Open jorisroovers opened 4 years ago
I was testing gitlint and thought I'd check this bug given it's easy to reproduce. Here's what I found out (based on this stackoverflow question):
minimal code to reproduce on py38 using echo "WIP: foöbar" | python read_from_stdin.py
if __name__ == "__main__":
import sys
input_data = sys.stdin.read()
print(f"{sys.stdin=}")
print(f"{input_data=}")
>>> sys.stdin=<_io.TextIOWrapper name='<stdin>' mode='r' encoding='cp1252'>
>>> input_data='WIP: fo?bar\n'
forcing stdin encoding to utf8. Issue still there
if __name__ == "__main__":
import sys
sys.stdin.reconfigure(encoding="utf8")
input_data = sys.stdin.read()
print(f"{sys.stdin=}")
print(f"{input_data=}")
>>> sys.stdin=<_io.TextIOWrapper name='<stdin>' mode='r' encoding='utf8'>
>>> input_data='WIP: fo?bar\n'
forcing stdin encoding to utf8 and running $OutputEncoding = [Console]::OutputEncoding = (new-object System.Text.UTF8Encoding $false)

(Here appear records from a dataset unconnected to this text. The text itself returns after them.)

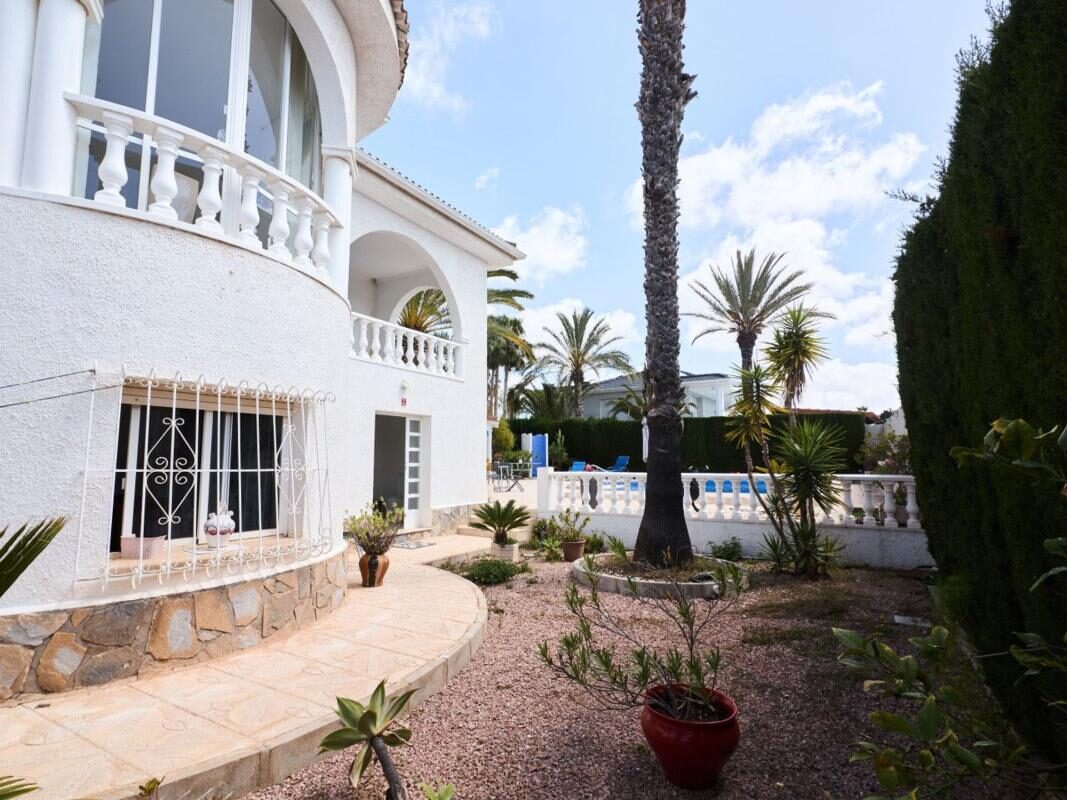 Villa with 4 bedrooms, 356m² in Rojales, Spain [ID: 0152-529340]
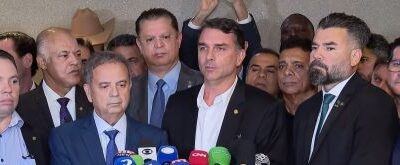 PL e filhos de Bolsonaro articulam reação no Congresso após prisão com pressão por anistia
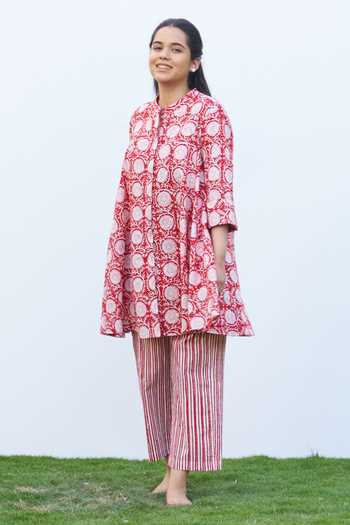 Shop_Vaaya_Red Muslin Round Neck Printed Pure Mul Kurta And Pant Set _Online_at_Aza_Fashions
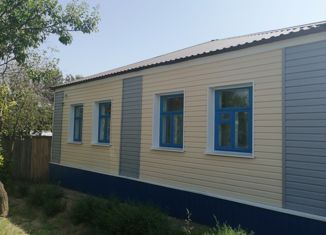 Продажа четырехкомнатной квартиры, 72 м2, Острогожск, бульвар Крамского, 5А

before echo "WIP: foöbar" | python read_from_stdin.py
. Everything looks good.
if __name__ == "__main__":
import sys
sys.stdin.reconfigure(encoding="utf8")
input_data = sys.stdin.read()
print(f"{sys.stdin=}")
print(f"{input_data=}")
>>> sys.stdin=<_io.TextIOWrapper name='<stdin>' mode='r' encoding='utf8'>
>>> input_data='WIP: foöbar\n'
fyi, running $OutputEncoding = [Console]::OutputEncoding = (new-object System.Text.UTF8Encoding $false)
before echo "WIP: foöbar" | python read_from_stdin.py
but without sys.stdin.reconfigure(encoding="utf8")

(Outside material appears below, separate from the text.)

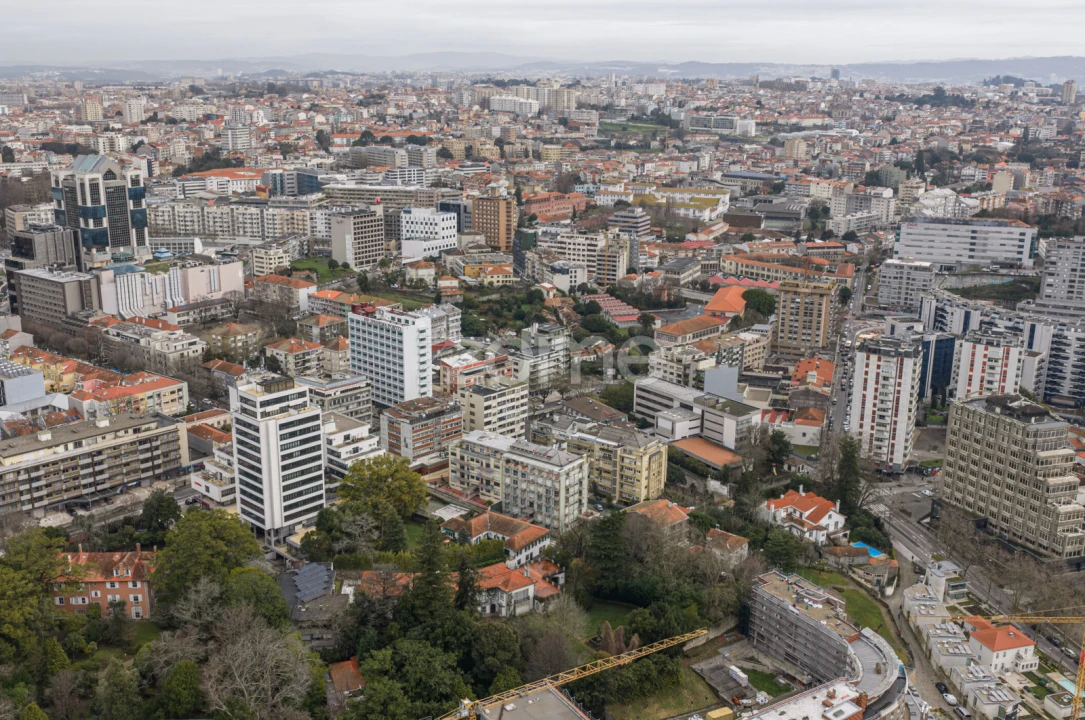 Apartamento T2 para Arrendamento em Lordelo do Ouro e Massarelos Foto 26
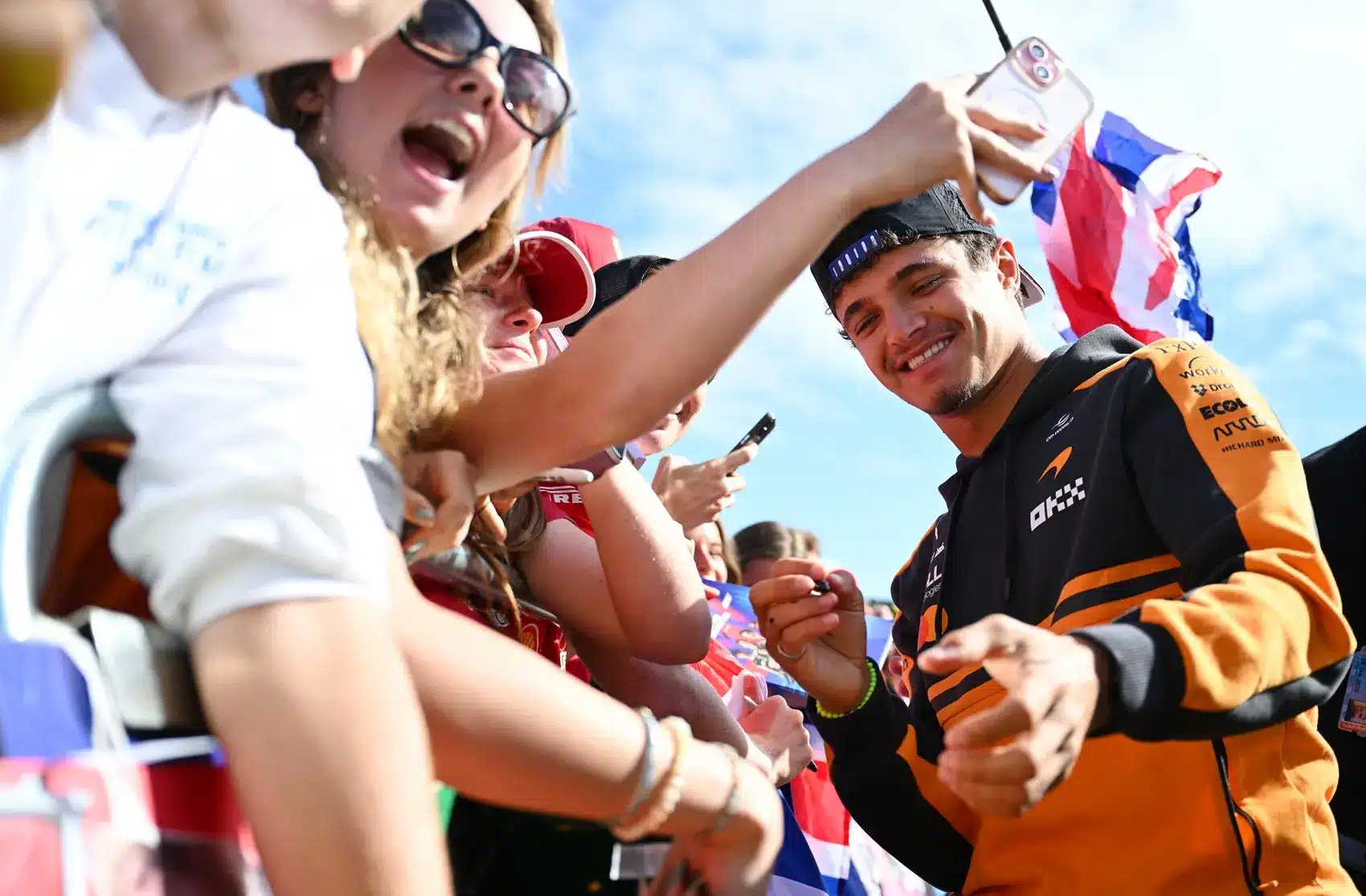 Lando Norris rajongókkal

if __name__ == "__main__":
import sys
input_data = sys.stdin.read()
print(f"{sys.stdin=}")
print(f"{input_data=}")
>>> sys.stdin=<_io.TextIOWrapper name='<stdin>' mode='r' encoding='cp1252'>
>>> input_data='WIP: foöbar\n'
seems like there is some value in forcing stdin encoding to utf8, but this is ultimately a powershell problem like you expected. So, I think you can close the issue.

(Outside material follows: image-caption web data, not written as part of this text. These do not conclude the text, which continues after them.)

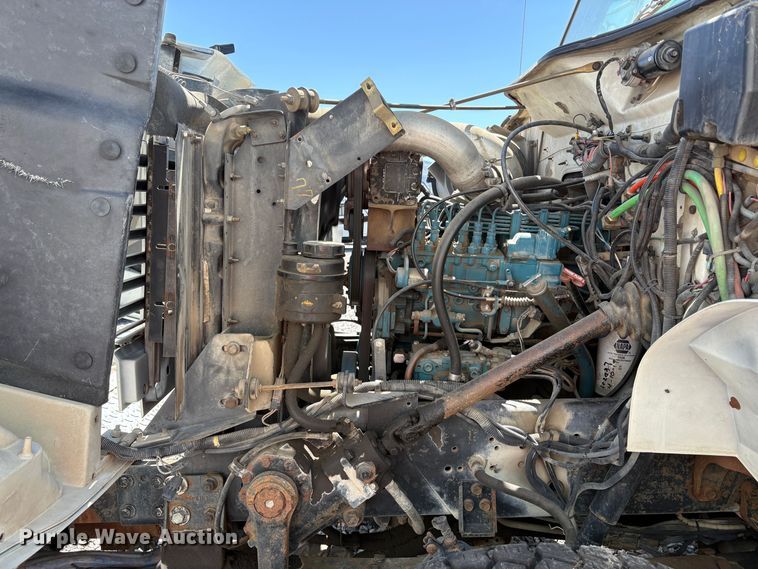 image for item YA3071 1995 International 4800 digger derrick truck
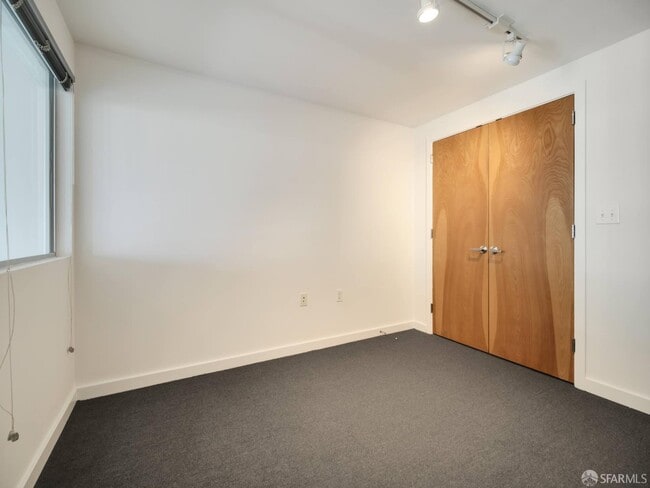 Building Photo - 52 Rausch St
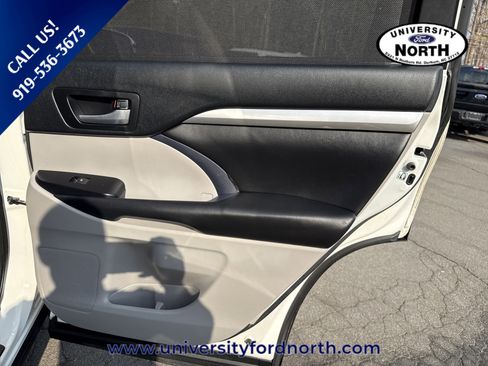 Used 2019 Toyota Highlander XLE image 36
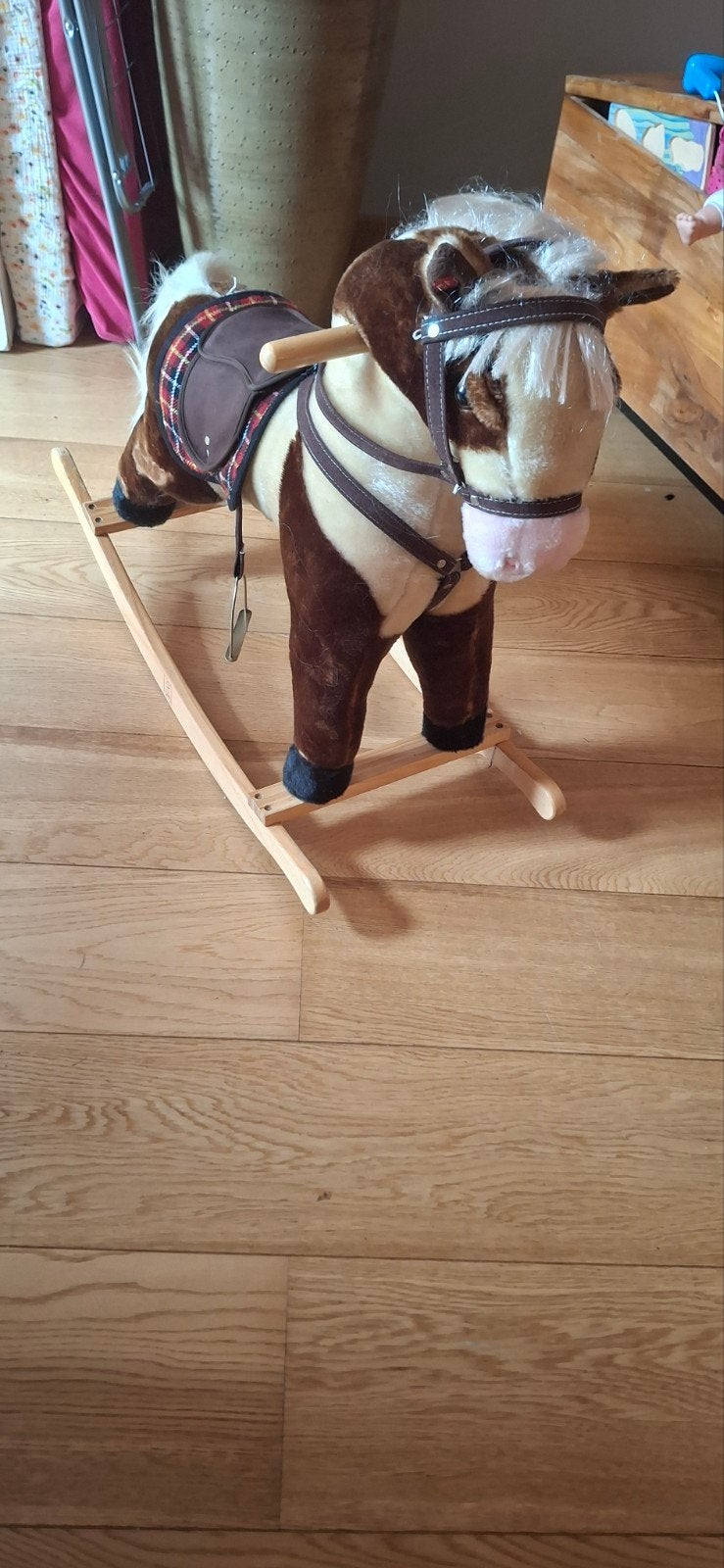 Schattig hobbelpaard met geluid voor uren speelplezier, Ophalen, Gebruikt, Overige typen, Met geluid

Thanks for doing this extra legwork! I'll keep this open for next time I get around to digging into Unicode issues on windows :-)
When passing unicode characters to gitlint via stdin in Powershell, gitlint will not properly print out the unicode characters.
This does work as expected in the regular Windows Command Prompt, so this seems related to Powershell specifically.